Sadly for this project I consider linkers to be a fundamental design mistake. Or at least obsolete. Lowering to machine code before combining files wins you runtime overhead and implementation obfuscation in exchange for reduced memory consumption. Linking an intermediate form then writing machine code (in elf if you like) from that single blob is better. I'm pretty sure it can be done in lower memory overhead than linking machine code if you're so inclined.
> Linking an intermediate form then writing machine code (in elf if you like) from that single blob is better. I'm pretty sure it can be done in lower memory overhead than linking machine code if you're so inclined.
do you mean its better for build performance or for the final output?
Better across the board.

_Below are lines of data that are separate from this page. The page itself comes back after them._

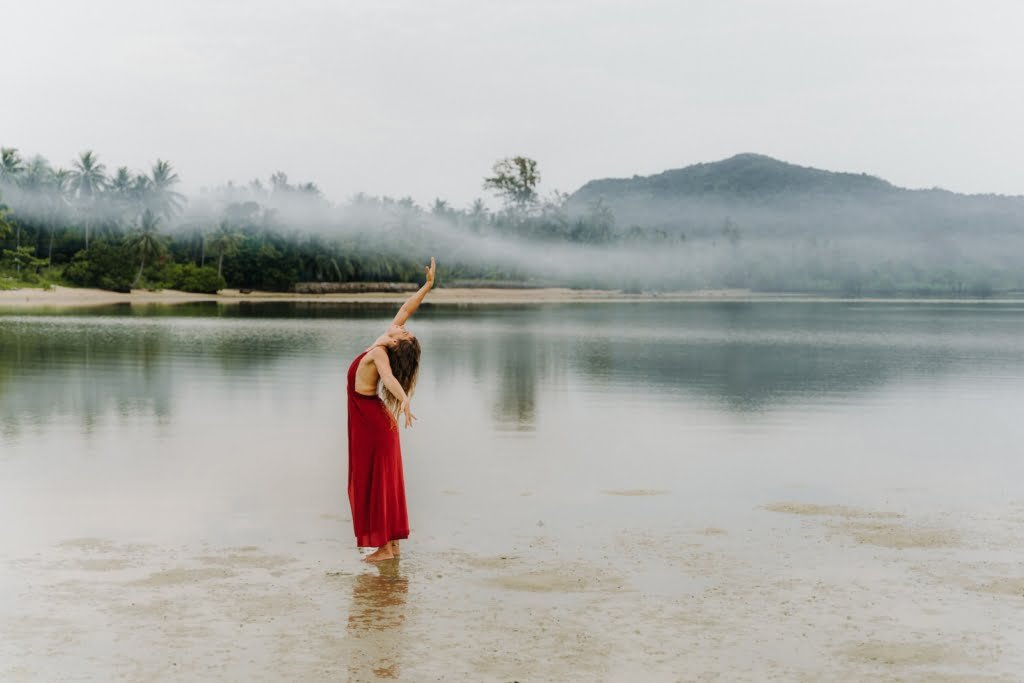 a woman in a red dress standing in the water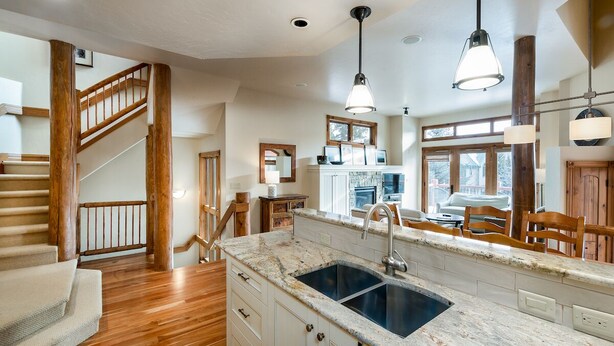 A kitchen with a large island, wooden flooring, and a staircase leading to another level.
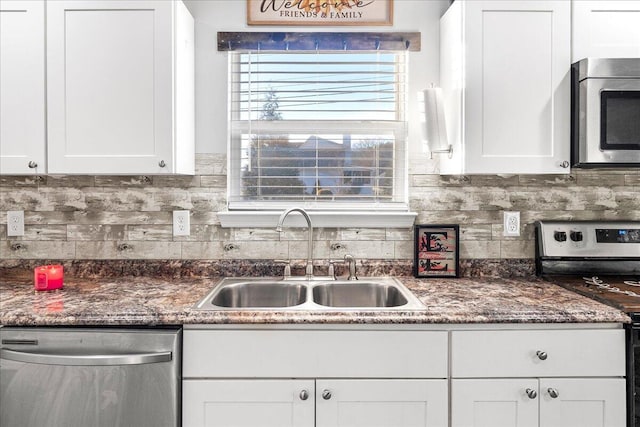 kitchen with white cabinetry, sink, and stainless steel appliances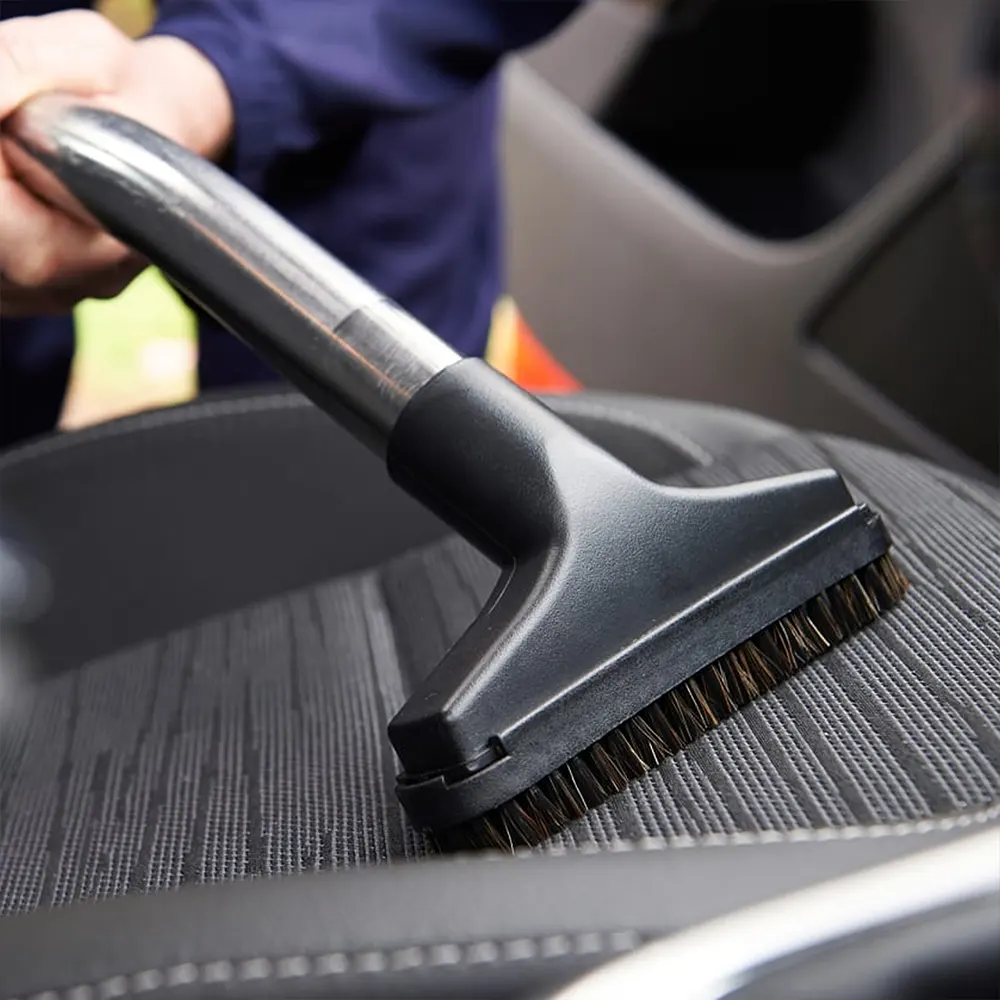 Medewerker zuigt een autostoel met een borstelmond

Currently we translate to machine code and tables of extra data saying how to patch said code, store it in an elf/coff/other, then read it back in and use the extra data to work out what to do with it.
If instead you keep it in IR and combine that, e.g. llvm-link style, then emit machine code from it you don't need the tables of information for the linker. You can transform debug info before it has been compressed into dwarf. Optionally optimise across translation units. Then finally emit the same format the loader expects.
That should be simpler tooling (compiler & linker don't need the side channel relocation stuff, the linker doesn't need to disassemble and recombine dwarf), faster residual program, faster build times.
It's not totally theoretical either - amdgpu on llvm only passes a single file to the linker at a time, but lld is multi-architecture so doesn't get to delete the combining files code. A machine learning toolchain gave up on calling the linker at one point in favour of doing the data layout from the compiler directly. The latter because lld is/was too annoying to use as a library iiuc.
The current system lends itself well to memory constrained systems. Each source/ASM file gets turned into a single binary with just enough metadata to paste it together with another one. It caches nicely too.
Whole program optimisation is difficult to do without enough memory. Given machine code linking as how things are done, things like debug info got spliced into the same model. Shared libraries are a similar sort of incremental memory saving scheme.
> The current system lends itself well to memory constrained systems. Each source/ASM file gets turned into a single binary with just enough metadata to paste it together with another one. It caches nicely too.
yea, i had some idea in my head of early unix/c and all the constrains they had to deal with must have informed the compilation model like that... interesting!
That's just not true. Every c++ project I've worked on has cared about linker and compiler speed. Unfortunately I work in windows-land where we use MSVC, but stuff like [0] makes our lives so much easier.
* for values of "nobody" excluding Google.